The Linkenholt Estate extends to over 600 hectares of farmland, a 170 hectare wood, 21 smaller dwellings in addition to a large manor house, and a cricket ground. Persson will pay £25 million for the property which has been managed by a trust since its previous owner, Herbert Blagrave, died childless in the 1970s.

Persson is set to assume the role of old-fashioned lord of the manor as the 21 smaller dwellings are home to local villagers, many of whom have lived there since birth and pay rents upwards of the equivalent of 6,000 kronor per month.

Persson is reported to have beaten off the challenge of fellow Swedish businessman Claes Bourghardt to buy the property, his second foray into the English country estate market.
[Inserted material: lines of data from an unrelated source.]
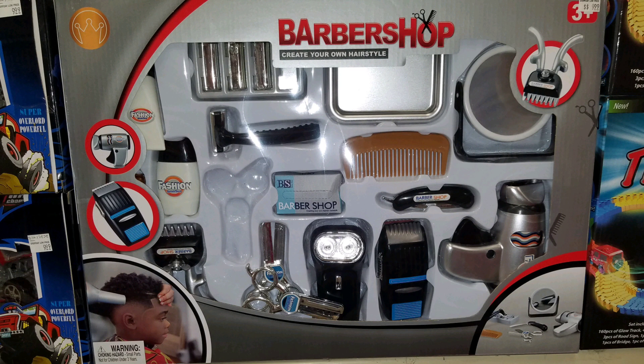Today's video is going to be a voiceover. I saw something at Roses and I was like, who's going to be getting this for their relative or nephew and teaching him how to line people up? I was like, let me go to Walmart and see what other weird Christmas gifts I can find. I'm going to be showing you pictures of the weirdest gifts I found — some videos, some pictures. They're just weird; some are actually kind of cool, but mostly weird.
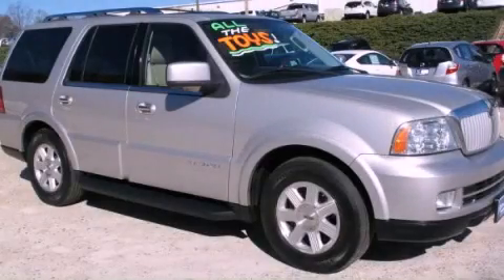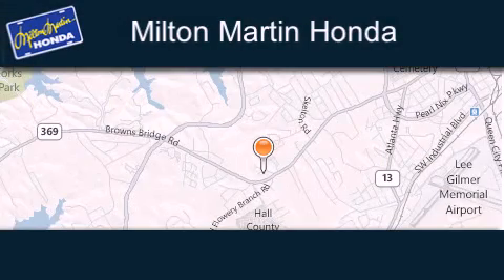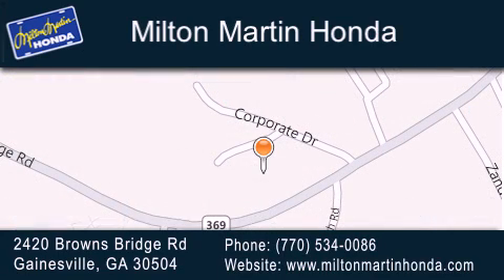Stop by today and test drive this vehicle for yourself. Milton Martin Honda is located at 2420 Browns Bridge Road in Gainesville. Our goal is to exceed all of your expectations to ensure that you'll return for future visits.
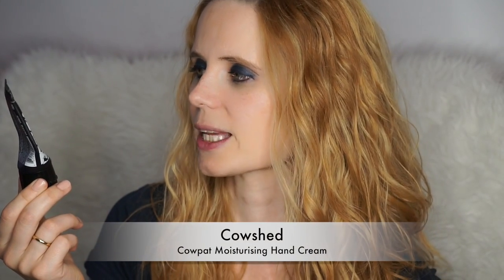Starting off with a product from the challenge is this hand cream by Cowshed — it's the Cow Pat Moisturizing Hand Cream. It's a nice hand cream with a nice fragrance. It absorbs quite quickly, though not the fastest I must say, and yeah, I might buy it again — it smells nice.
The H&M mogul, who occupies 18th place in the Forbes rich list for 2009, also owns a 3,500 hectare estate in the neighbouring county of Wiltshire for which he stumped up over 100 million kronor.

Stefan Persson, who inherited H&M which was founded by his father Erling in the 1940s, has managed to buck the recession with large gains in his share portfolio in recent months, Swedish business daily Dagens Industri reported on Monday.

H&M, with more than 1,800 stores worldwide, has continued to go from strength to strength despite the global downturn with its combination of high fashion, low cost items well placed to capitalize on the austere global trend.

It is as yet unclear how Stefan Persson plans to make use of the most recent addition to his property portfolio but the Linkenholt Estate, aside from considerable rental incomes, also includes lucrative shooting rights, the newspaper reports.